From article <9821@jpl-devvax.JPL.NASA.GOV>, by lwall@jpl-devvax.JPL.NASA.GOV (Larry Wall):
| In article <THOTH.90Oct4162237@reef.cis.ufl.edu> thoth@reef.cis.ufl.edu (Gilligan) writes:
| :Is there any way to specify the endiannes of the data you are unpacking?
| 
| There's no way to do this with unpack on a big-endian machine at the moment.
| The best you can do, as far as I can see, is to say
| 	sub swab {
| 	    $_[0] =~ s/([\0-\377])([\0-\377])/$2$1/g;
| 	}
[...]

Um, why can't I write
 	sub swab {
 	    $_[0] =~ s/(.)(.)/$2$1/g;
 	}

- Cameron Simpson, cameron@spectrum.cs.unsw.oz.au

lwall@jpl-devvax.JPL.NASA.GOV (Larry Wall) (10/07/90)

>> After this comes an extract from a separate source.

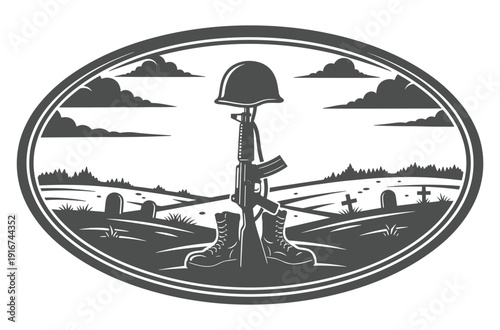A memorial emblem featuring a helmet and rifle in a war torn landscape with cloudy skies and graves Memorial Day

In article <885@usage.csd.unsw.oz.au> cameron@spectrum.cs.unsw.oz.au (Cameron Simpson) writes:
: From article <9821@jpl-devvax.JPL.NASA.GOV>, by lwall@jpl-devvax.JPL.NASA.GOV (Larry Wall):
: | 	sub swab {
: | 	    $_[0] =~ s/([\0-\377])([\0-\377])/$2$1/g;
: | 	}
: [...]
: 
: Um, why can't I write
:  	sub swab {
:  	    $_[0] =~ s/(.)(.)/$2$1/g;
:  	}

Because . doesn't match \n.  [\0-\377] is the most efficient way to match
everything currently.  Maybe \e should match everything.

And \E would of course match nothing.   :-)

Larry

cameron@usage.csd.oz (Cameron Simpson,foo) (10/07/90)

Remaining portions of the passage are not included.